Single by Joseph Arthur

from the album Come to Where I'm From
- Released: 2000
- Recorded: Sound City, Sunset Sound, Los Angeles
- Genre: Alternative rock
- Length: 4:08 (radio edit) 5:36 (album version)
- Label: Real World Virgin
- Songwriter: Joseph Arthur Joseph Lyburn
- Producers: Joseph Arthur, Tchad Blake

Joseph Arthur singles chronology
| "Chemical" (2000) | "In the Sun" (2000) | "All of Our Hands" (2005) |

= In the Sun (Joseph Arthur song) =

"In the Sun" is the second single from Joseph Arthur's second studio album Come to Where I'm From, though the song had been performed during his live shows as early as 1996.

==Release==
The single was released in the UK and Europe on April 23, 2001, via Real World Records and Virgin Records.

A music video was produced for the song, directed by Anton Corbijn. The video is featured on the Directors Label series DVD The Work of Director Anton Corbijn.

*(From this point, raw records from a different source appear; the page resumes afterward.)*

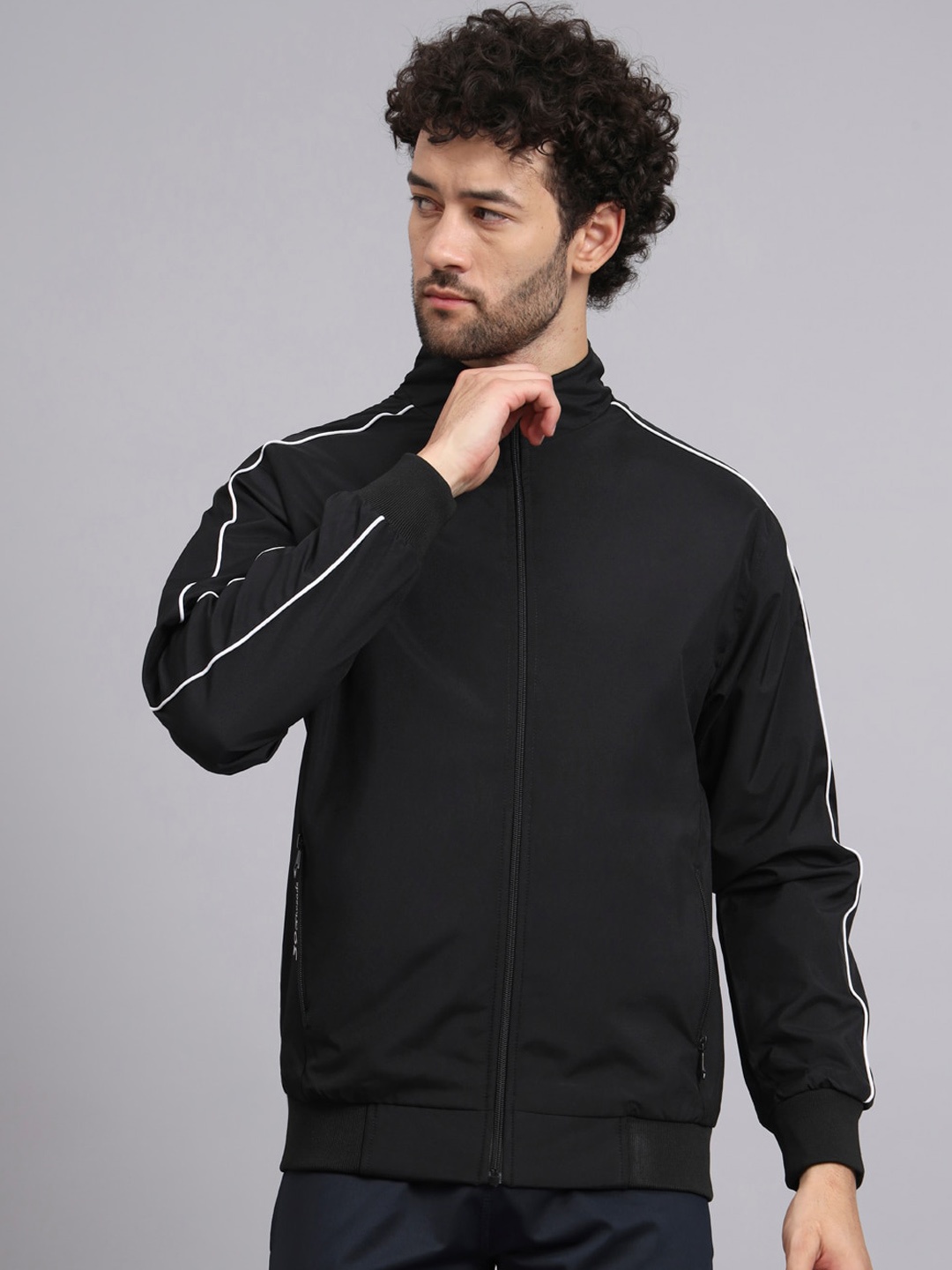 

39 THREADS Water Resistant Rapid-Dry Bomber Jacket, Olive
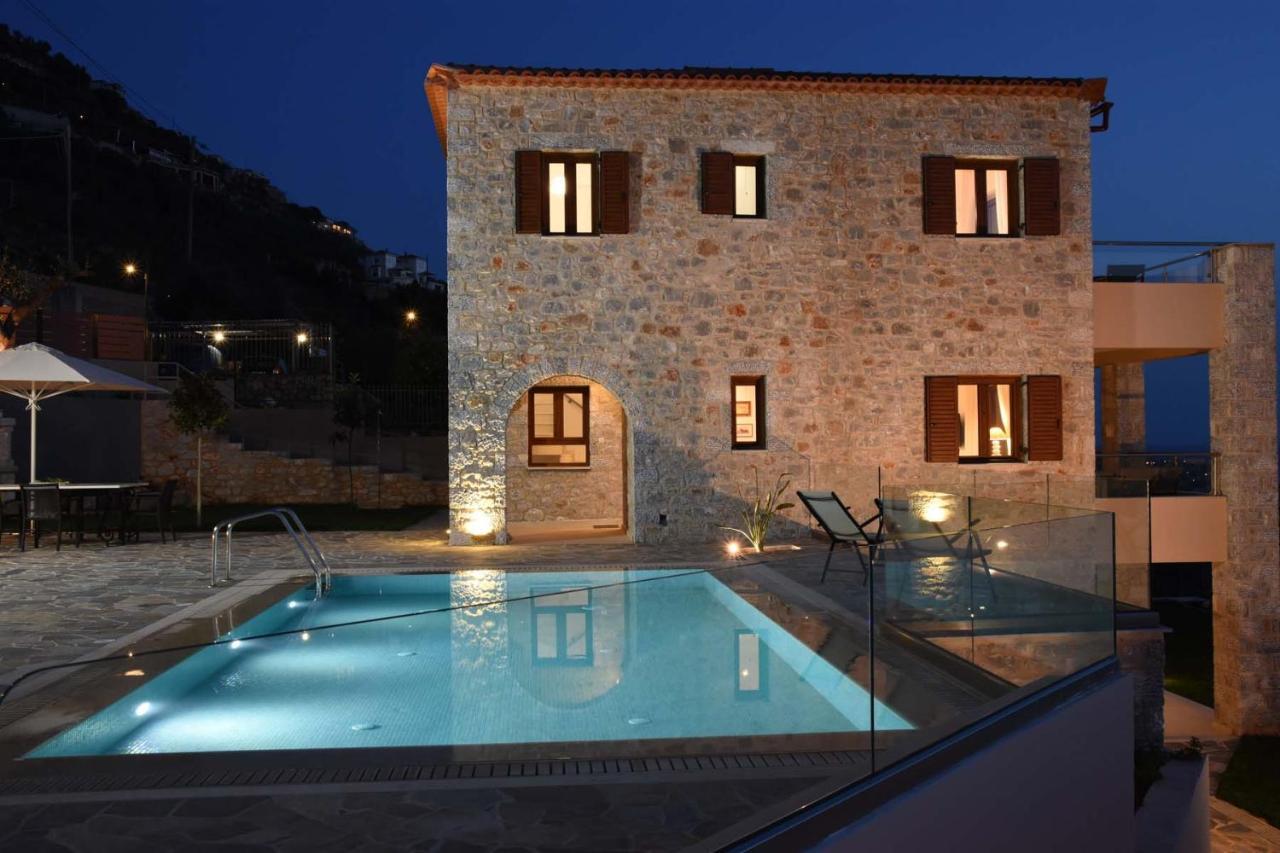 Villa Dafni Kalamata Esterno foto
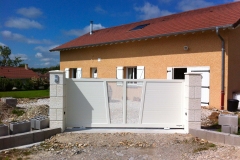 portail-coulissant-blanc-aluminium-chateauvilain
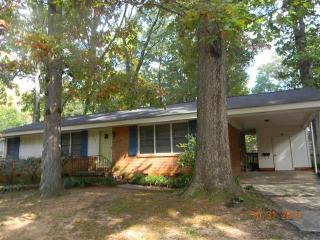 3104 Glenridge Dr, Raleigh, NC 27604-2441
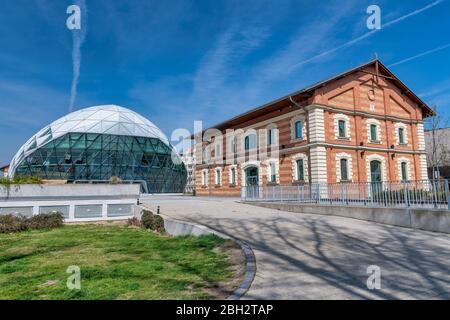 Neue Budapest Galerie und Nehru Part Park, Ungarn. Stockfoto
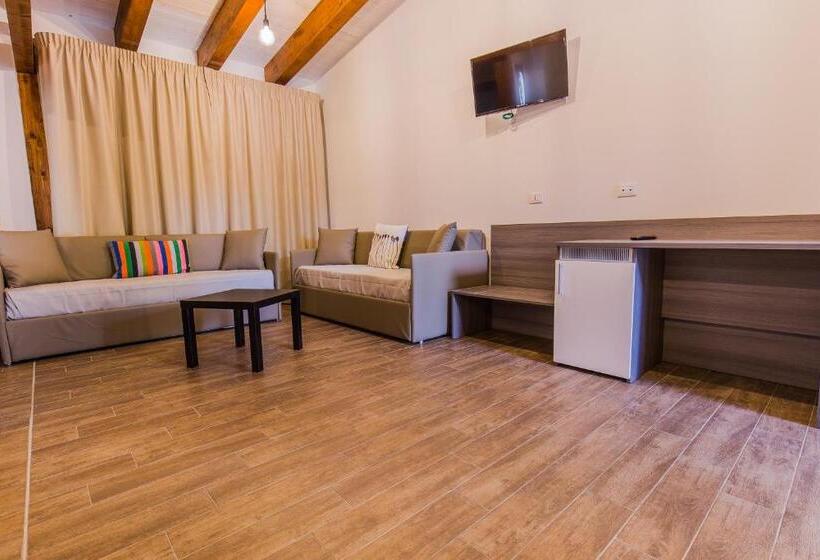 חדק דלוקס עם ג'קוזי, Il Semaforo Sila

On February 14, 2008, Joseph Arthur and his band The Lonely Astronauts performed "In the Sun" live on the Late Show with David Letterman.

==Track listing==
CD
1. "In the Sun" (Edit) – 4:08
2. "The Other Side" – 3:15
3. "Cocaine Blind" – 3:19

7" vinyl (US white label promo)
1. "In the Sun" (Edit) – 4:08
2. "Speed of Light" – 4:30

US promo CD
1. "In the Sun" (Edit) – 4:08
2. "In the Sun" (Album Version) – 5:37
3. "In the Sun" (Call-Out Hook #1) – 0:10
4. "In the Sun" (Call-Out Hook #2) – 0:10
- Tracks 5–23: Interview with Joseph Arthur, March 6, 2000 (interviewed by Bart Lipton in Los Angeles)

==Use in films==
The song appears in the TV series' Scrubs (episode "My New God") and Grey's Anatomy (episode "It's the End of the World)", in the 2004 comedy film Saved! and in the alternate ending to the 2002 action film The Bourne Identity.

==Cover versions==

===Michael Stipe===

In 2005, Michael Stipe of R.E.M. recorded a cover of the song with producer James Iha for a Hurricane Katrina relief benefit EP released exclusively through the iTunes Store. Stipe recorded "In the Sun" with Chris Martin of Coldplay and Joseph Arthur himself. Additionally, a remix was provided by Justin Timberlake and will.i.am. This cover of the song was originally featured in the Grey's Anatomy season 2 episode "It's the End of the World".

===EP track listing===
1. "In the Sun" (with Chris Martin) – 4:56
2. "In the Sun" (JAW Breakers Remix by Justin Timberlake and will.i.am) – 5:13
3. "In the Sun" (with Joseph Arthur) – 4:58
4. "In the Sun" – 4:55
5. "In the Sun" (Live on Austin City Limits with Coldplay) – 3:40
6. "In the Sun" (Live Acoustic Couch Rehearsal with Joseph Arthur) – 5:53

===Other cover versions===
- Peter Gabriel, on the tribute album Diana, Princess of Wales: Tribute (1997). Since Joseph was on Peter Gabriel's Real World label at the time, Joseph allowed the song to be covered by Gabriel even though Joseph himself had yet to record the song for Come to Where I'm From. The song also appears on Gabriel's album of rarities Flotsam and Jetsam.
- Donna De Lory, on her album In the Glow, released by Secret Road Records.
- Howie Day, uncredited, over the ending credits of the film Saved!.
- Aron Wright, featured in season 11 of Grey's Anatomy during the episode "She's Leaving Home".